You want demeaning towards women? Well, look forward to a society where men look at women as having exactly one reason to exist; as a mobile incubator. And where women look at men just as sperm banks. Look forward to a society without affection much less love between the genders, where reproduction is at best a cold business deal or a government imposed duty.

Actually, come to think of it matters might be even worse. If men still have the instinct to impress & attract women, and women still want to turn on & attract men that will really screw them up since they’ll have a constant desire to do the impossible.

Why not? Plenty of positive human emotions do not spring from sexual desire. Friendship, admiration, protectiveness… the list goes on. I have platonic, 100%-sexual-desire-free friends for whom I would move mountains to help if they needed it. Assuming the family unit continues without sexual desire, I would probably marry or cohabit or whatever with someone I liked a whole lot.

Love does. As does the willingness to tolerate someone else being the parent of your child. And on the whole, men and women don’t get along very well, especially when living together; considering how difficult it can be to keep a relationship together now, I can’t imagine such working well at all without sexual desire & love to give people a reason to try to make it work.

I meant to ask this earlier but why do you think that men and women would no longer want to even tolerate each other? If there’s no sex complicating things, why wouldn’t men and women get along even better?
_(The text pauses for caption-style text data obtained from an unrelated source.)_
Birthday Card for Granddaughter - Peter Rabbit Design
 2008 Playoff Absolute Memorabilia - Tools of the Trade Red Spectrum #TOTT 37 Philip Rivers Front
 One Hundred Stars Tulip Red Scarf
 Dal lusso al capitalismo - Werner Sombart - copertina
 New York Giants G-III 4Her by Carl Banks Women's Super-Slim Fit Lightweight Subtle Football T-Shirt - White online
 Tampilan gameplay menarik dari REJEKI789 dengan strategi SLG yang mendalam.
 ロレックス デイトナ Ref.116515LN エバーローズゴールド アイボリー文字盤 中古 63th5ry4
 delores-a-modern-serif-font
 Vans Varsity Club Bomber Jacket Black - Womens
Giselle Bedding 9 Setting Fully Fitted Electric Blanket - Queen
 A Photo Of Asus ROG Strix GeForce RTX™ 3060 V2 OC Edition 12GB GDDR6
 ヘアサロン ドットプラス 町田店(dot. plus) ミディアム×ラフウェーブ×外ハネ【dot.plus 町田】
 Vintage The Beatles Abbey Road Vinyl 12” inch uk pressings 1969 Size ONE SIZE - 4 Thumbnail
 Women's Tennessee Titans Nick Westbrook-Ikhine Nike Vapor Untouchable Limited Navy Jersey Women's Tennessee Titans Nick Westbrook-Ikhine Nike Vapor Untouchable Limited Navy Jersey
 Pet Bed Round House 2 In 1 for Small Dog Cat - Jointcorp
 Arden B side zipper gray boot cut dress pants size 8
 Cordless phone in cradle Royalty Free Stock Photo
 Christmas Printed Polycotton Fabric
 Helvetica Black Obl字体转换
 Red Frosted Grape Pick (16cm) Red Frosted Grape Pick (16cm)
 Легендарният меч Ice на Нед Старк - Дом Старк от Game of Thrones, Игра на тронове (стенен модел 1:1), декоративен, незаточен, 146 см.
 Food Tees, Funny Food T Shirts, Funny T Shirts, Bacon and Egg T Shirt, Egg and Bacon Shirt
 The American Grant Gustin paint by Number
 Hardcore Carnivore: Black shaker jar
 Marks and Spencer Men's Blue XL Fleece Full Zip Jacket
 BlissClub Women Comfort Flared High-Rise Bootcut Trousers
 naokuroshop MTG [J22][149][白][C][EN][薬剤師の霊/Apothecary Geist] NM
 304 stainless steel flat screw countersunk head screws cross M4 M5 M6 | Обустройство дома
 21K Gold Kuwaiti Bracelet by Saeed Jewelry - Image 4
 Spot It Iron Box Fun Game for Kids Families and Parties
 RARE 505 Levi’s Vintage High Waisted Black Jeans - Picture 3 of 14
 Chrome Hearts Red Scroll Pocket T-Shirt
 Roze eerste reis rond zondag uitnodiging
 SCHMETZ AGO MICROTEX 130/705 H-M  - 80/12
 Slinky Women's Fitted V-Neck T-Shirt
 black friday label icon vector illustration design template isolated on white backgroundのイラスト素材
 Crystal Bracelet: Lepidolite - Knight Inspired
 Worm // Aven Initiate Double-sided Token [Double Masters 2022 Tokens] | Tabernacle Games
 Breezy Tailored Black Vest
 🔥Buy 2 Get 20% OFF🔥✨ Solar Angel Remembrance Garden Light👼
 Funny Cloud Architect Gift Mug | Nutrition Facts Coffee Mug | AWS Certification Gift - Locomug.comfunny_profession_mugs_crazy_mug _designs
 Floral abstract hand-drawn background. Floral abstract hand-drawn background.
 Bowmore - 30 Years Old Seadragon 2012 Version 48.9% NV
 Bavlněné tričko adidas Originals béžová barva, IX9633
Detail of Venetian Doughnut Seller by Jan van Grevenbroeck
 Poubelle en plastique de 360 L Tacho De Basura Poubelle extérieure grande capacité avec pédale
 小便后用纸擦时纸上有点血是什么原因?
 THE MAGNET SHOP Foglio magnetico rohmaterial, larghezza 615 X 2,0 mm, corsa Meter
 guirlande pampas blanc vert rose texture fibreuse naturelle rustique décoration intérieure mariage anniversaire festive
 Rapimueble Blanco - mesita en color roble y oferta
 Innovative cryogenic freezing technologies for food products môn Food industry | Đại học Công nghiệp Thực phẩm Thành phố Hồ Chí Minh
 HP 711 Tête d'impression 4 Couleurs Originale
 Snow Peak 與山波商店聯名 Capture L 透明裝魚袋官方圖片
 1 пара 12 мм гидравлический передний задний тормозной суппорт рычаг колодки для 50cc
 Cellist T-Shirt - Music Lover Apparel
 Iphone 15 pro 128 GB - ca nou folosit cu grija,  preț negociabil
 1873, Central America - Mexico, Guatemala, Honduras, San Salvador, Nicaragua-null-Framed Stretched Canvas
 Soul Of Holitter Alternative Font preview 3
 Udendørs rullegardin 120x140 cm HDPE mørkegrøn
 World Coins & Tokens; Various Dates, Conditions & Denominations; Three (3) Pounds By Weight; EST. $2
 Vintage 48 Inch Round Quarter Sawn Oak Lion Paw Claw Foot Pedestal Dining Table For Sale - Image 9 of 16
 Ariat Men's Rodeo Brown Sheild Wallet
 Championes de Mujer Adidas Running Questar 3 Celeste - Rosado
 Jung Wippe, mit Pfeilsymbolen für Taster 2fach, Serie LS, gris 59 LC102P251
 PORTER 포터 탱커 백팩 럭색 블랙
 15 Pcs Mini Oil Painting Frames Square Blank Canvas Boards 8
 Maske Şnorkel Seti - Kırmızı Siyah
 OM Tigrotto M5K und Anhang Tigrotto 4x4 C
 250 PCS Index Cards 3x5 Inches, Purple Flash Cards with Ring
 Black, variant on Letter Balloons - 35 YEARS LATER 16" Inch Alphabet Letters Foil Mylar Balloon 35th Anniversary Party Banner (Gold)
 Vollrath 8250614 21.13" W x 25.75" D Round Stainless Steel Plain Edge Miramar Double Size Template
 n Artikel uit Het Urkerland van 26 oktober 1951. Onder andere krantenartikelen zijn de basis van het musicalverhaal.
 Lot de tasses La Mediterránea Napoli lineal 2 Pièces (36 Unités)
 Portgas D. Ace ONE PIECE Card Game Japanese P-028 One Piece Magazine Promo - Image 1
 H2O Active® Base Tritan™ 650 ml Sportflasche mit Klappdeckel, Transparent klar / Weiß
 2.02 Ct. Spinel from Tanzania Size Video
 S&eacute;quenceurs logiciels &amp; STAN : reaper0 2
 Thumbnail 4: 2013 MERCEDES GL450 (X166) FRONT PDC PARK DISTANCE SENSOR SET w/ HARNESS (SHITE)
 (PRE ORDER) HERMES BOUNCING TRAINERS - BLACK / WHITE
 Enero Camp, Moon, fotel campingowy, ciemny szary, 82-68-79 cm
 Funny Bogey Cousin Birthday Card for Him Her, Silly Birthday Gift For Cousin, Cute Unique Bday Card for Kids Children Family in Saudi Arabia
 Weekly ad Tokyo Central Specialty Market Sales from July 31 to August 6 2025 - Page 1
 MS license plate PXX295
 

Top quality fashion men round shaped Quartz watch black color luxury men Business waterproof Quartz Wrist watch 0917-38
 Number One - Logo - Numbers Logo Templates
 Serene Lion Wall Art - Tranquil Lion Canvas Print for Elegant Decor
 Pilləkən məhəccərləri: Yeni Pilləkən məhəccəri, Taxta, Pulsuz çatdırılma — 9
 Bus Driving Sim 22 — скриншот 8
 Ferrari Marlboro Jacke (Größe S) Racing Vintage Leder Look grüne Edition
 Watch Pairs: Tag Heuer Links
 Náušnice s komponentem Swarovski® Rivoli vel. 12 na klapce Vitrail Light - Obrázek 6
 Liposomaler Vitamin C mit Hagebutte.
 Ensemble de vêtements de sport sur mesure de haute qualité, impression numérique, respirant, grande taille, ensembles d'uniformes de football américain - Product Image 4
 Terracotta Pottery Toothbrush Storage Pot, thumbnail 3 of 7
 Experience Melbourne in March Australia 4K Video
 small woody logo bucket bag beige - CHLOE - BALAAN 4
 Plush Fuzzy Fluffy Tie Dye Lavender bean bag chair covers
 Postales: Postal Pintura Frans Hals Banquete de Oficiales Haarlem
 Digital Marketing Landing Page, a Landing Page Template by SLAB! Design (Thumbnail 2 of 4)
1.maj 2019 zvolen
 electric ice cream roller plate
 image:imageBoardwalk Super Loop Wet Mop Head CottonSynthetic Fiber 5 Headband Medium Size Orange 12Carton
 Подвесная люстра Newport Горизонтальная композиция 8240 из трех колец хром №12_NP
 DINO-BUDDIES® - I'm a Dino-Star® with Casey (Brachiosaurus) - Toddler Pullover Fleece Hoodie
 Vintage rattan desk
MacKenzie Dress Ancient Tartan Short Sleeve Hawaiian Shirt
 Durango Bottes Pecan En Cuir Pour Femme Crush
Not always. Of the persons I love most in the world, only one of them is someone I have had sex with. And even discounting the males & relatives in that group, most of them are people are people I would never imagine having sex with. And at least two of those are women I can recognize intellectually as hot, but for whom I’ve no desire.

I think you may be extrapolating too much from your own experience, sir. I get along just fine with women, including those I would like to sleep with and never shall, those I would never sleep with for whatever reason, and several of those I have slept with in the past. And I am hardly unique. I know many men who have plenty of female friends, and vice versa.

Because humans have strong xenophobic tendencies. And because mutual dislike or even hatred is exactly what the genders feel towards each other before sexual desire kicks in. The first generation probably wouldn’t be too hostile due to cultural habit; but if there is a generation after that, they will never outgrow the “girls/boys are icky” stage.

Even if you are right about our xenophobia, people of the opposite sex can easily be inside the tribal boundaries, not outside of them. Even before I was married there were plenty of women I liked but who I wasn’t interested in, and my kids are a lot saner about these things than I ever was.
I think a big part of the “ickiness” factor comes from kid’s noticing male-female interactions that they are in no way ready to begin. If these didn’t happen, the ickiness would disappear. My younger daughter never felt this, in fact.

I don’t really remember hating boys. Kids may go through a “boys/girls are icky” stage but that’s not all kids. I mean, xenophobia doesn’t stop people of different races from being friends when they get to know each other. And girls and boys who are siblings often grow up being close and knowing that the opposite sex is more or less normal. I’m not sure why that wouldn’t be the case.

Cite?

If—or to the extent that—humans do have strong xenophobic tendencies, it may be because we evolved to be distrustful of strangers, who may be dangerous or at least unpredictable because they are not part of our tribe. But this wouldn’t apply to people who are similar to use except for being of the opposite sex.

This is among the more depressing ideas I’ve heard expressed seriously on the Internet. It definitely doesn’t correlate with my understanding of prepubescent children, and I wager I spend a lot more time around them than you do, dude.